Harry Hatchet is depressed by the BNP's gains - saying that 'the BNP vote is a racist vote, pure and simple' and that the Labour Party must 'confront racism head-on'. I think he's wrong on the first and Nick Griffin must be hoping and praying that Labour follow Harry's advice on the second.
If you take Harry's view that the vast majority of BNP voters are 'racists' (not defined) then either
a) somewhere between 20-30% of the English population are 'racist' and just haven't got round to a BNP vote yet OR
b) for some undefined reason 20-30% of the people of Burnley and a few other small areas are 'racist', but not in the rest of England (e.g. Bristol where I believe BNP came last wherever they stood)

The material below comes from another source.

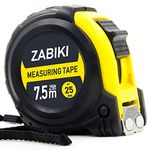 Zabiki Measuring Tape Measure, 25 Ft Decimal Retractable Dual Side Ruler with Metric and Inches, Easy to Read, for Surveyors, Engineers and Electricians, with Magnetic Tip and Rubber Protective Casing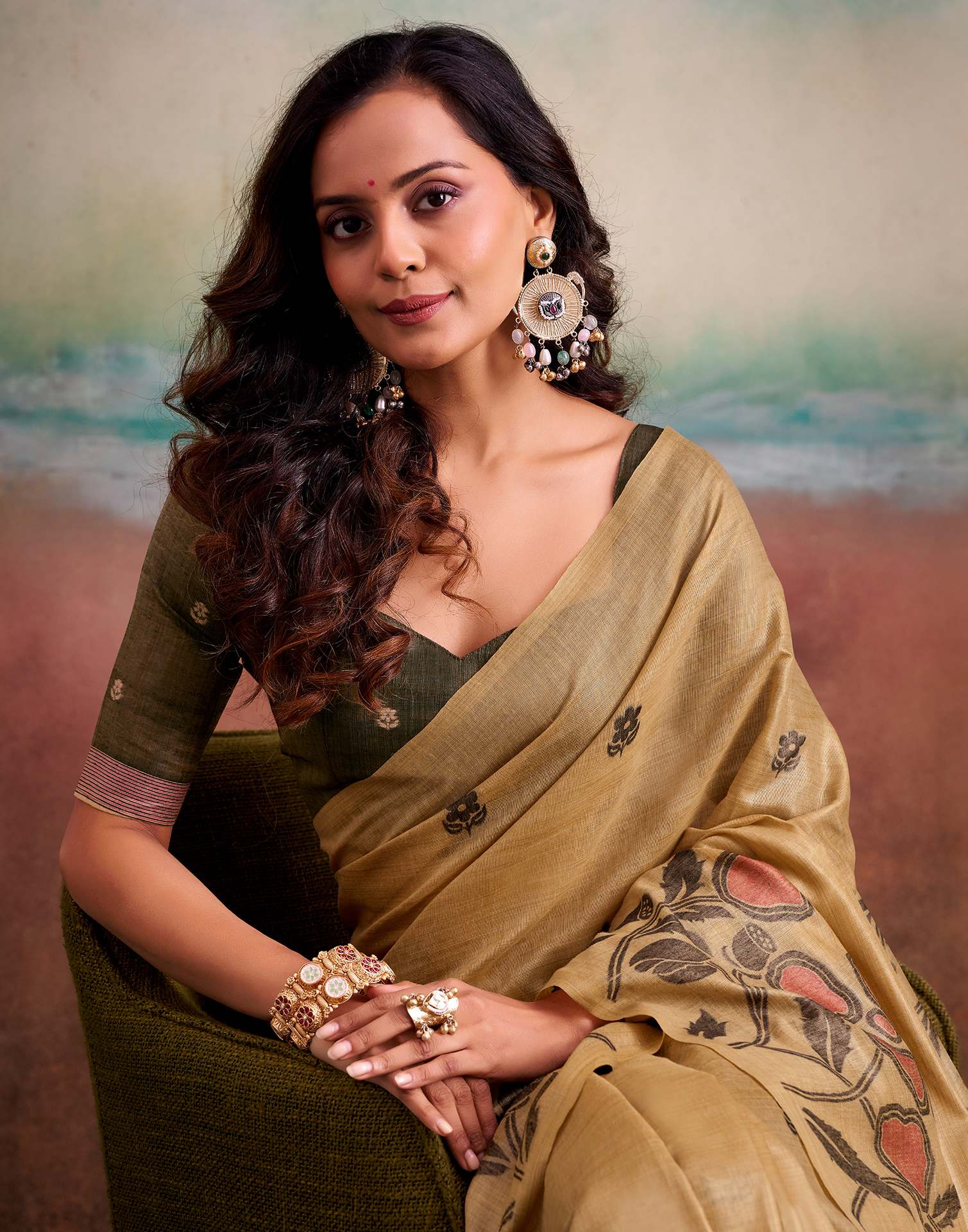 Light Brown Silk Printed Saree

c) the Burnley people used not to be 'racist', but the BNP by campaigning have turned them into 'racists'
I don't think any of these alternatives stand up to scrutiny. But in the end I guess it all depends on what you mean by 'racist'. Apologies for the scare quotes, but reading interviews with BNP voters, one recurring theme seems to be 'x happens, y happens, but if you say anything you're called a racist'.
The racist tag has been used and mis-used so often over the last 35 years that there's a danger of a 'so what ?' factor.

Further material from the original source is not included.